Во всех этих предложениях был только один недостаток. Но крупный. Названные критерии не позволяли создателям разных прочтений договариваться между собой. То есть - в конце концов - приходить к тому самому общезначимому результату, который мы вроде бы и объявили целью научного анализа. То есть для какой-то другой деятельности все эти критерии, может, и годились - общественная значимость толкования, например, чрезвычайно важна для агитации и пропаганды, а оригинальность и новизна - для отдыха и развлечения утомлённого трудами ума. Но вот к научному анализу они не имеют отношения. Увы.

Так вот, мне представляется, что идеальное прочтение должно учитывать не только все элементы плана выражения, все решения, принятые автором при выборе вариантов текста, но и все точки зрения на текст, все возможные позиции его читателей. Однако "учитывать" не значит "механически соединять". Идеальное прочтение должно быть своеобразным смысловым скелетом текста, который сохраняется в любом его понимании, обрастая "мясом" личных ассоциаций в сознании каждого читателя; более того: в идеальном варианте следовало бы сформулировать правила, по которым у этого человека ассоциации будут такими, а у этого - другими.

Но как же быть с "невозможными" прочтениями, с прочтениями ошибочными? Или их не существует-таки?

На мой взгляд - существуют. Это такие прочтения, которые не имеют к данному тексту никакого отношения. Прочтения, которые не пересекаются со всеми остальными ни в какой существенной части. Прочтения, которые не меняются от текста к тексту, подобно мыслям одного солдата, который смотрел на кирпич... Ну, дальше вы знаете.

А теперь повторю исходный вопрос: можно ли, используя методы научного анализа, создать идеальное прочтение? Ответ - нет.

Нет, потому что всякий метод лишь формализует определённые навыки наивного чтения, делает их осознанными и общезначимыми. При этом до сих пор нет окончательного списка таких навыков; да и те, что достаточно хорошо известны, далеко не всегда как следует формализованы. Значит, до полного воспроизведения "наивного" чтения ещё очень далеко.

Но допустим, что эта работа сделана и все стороны "наивного" чтения превратились в строгие научные процедуры. Значит ли это, что тогда появятся идеальные прочтения?

Тоже нет. Ведь формальная процедура выявляет только общезначимые результаты чтения. Только то, что обнаружит каждый читатель, владеющий данной процедурой. И даже если мы соберём все возможные методы - мы получим только тот самый "идеальный скелет". Который, как уже говорилось, не является даже половиной идеального толкования - оно без "мяса", без вариантов существования этого скелета идеальным не окажется.

Так стоит ли огород городить? Стоит ли зубрить множество языков описания текста, если все они в конечном счёте не приведут к правильному пониманию?
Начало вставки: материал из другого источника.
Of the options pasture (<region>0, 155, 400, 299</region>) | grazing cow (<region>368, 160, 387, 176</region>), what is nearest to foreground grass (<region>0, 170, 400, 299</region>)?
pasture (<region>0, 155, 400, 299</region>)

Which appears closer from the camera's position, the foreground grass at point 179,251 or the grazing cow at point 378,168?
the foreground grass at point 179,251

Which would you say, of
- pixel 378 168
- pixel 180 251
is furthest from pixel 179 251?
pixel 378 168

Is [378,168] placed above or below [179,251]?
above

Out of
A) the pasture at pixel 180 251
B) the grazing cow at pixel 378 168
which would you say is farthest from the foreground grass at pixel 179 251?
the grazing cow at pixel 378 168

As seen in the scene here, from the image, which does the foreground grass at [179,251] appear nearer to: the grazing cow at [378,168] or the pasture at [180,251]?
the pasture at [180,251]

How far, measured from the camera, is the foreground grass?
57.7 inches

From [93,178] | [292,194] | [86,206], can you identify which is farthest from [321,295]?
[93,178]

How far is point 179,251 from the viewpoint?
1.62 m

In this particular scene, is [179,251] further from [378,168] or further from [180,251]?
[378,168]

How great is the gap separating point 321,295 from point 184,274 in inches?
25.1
Странно, но - да. Пускай все эти методы анализа не дают нам конечной истины - но они помогают обнаружить ложность некоторых наших утверждений. Хотя бы тем, что заставляют сформулировать эти самые утверждения. Ещё они заставляют задавать такие вопросы, о которых мы иначе никогда и не задумались бы. Наконец, языки ведь учат не для того, чтобы узнавать с их помощью последнюю истину, а для того, чтобы получать радость от общения. Общения с теми, кто, может статься, к этой самой истине неколько ближе...

4. СЮЖЕТЫ БЫВАЮТ РАЗНЫЕ.

Ну что ж, начнём. Как и договаривались - с сюжета. Точнее - с "сюжета". Того, что абсолютное большинство читателей понимают под этим словом.

Обратимся опять к нашему источнику общей мудрости - нашему языку. Если почитать-послушать тексты, где встречается слово "сюжет", можно понять, что сюжеты бывают а) острые; б) тупые; в) нулевые (синоним - никакие). Потому что тексты называют остросюжетными, бессюжетными и просто тупыми.

Справедливости ради заметим, что это не совсем общая классификация: сюжеты типа а) и в) в тексте обнаруживают профессионалы, то есть те, кому за их разговоры о текстах что-нибудь платят. А вот сюжеты типа б) - открытие сугубо народное, и наличие такого сюжета в тексте может выявить каждый желающий, то есть попросту - любитель. Собственно, это и не особый тип вовсе, а просто оценка: "тупой сюжет" - это сюжет недостаточно острый. Замечу также, что нулевые сюжеты любители также склонны относить к тупым.

Сказанное означает, что обычным, наиболее понятным видом сюжета для читателя сегодня является сюжет острый. Все остальные сюжеты воспринимаются на его фоне как отклонение, утрата остроты. На примере острого сюжета и попробуем понять, что же это такое вообще.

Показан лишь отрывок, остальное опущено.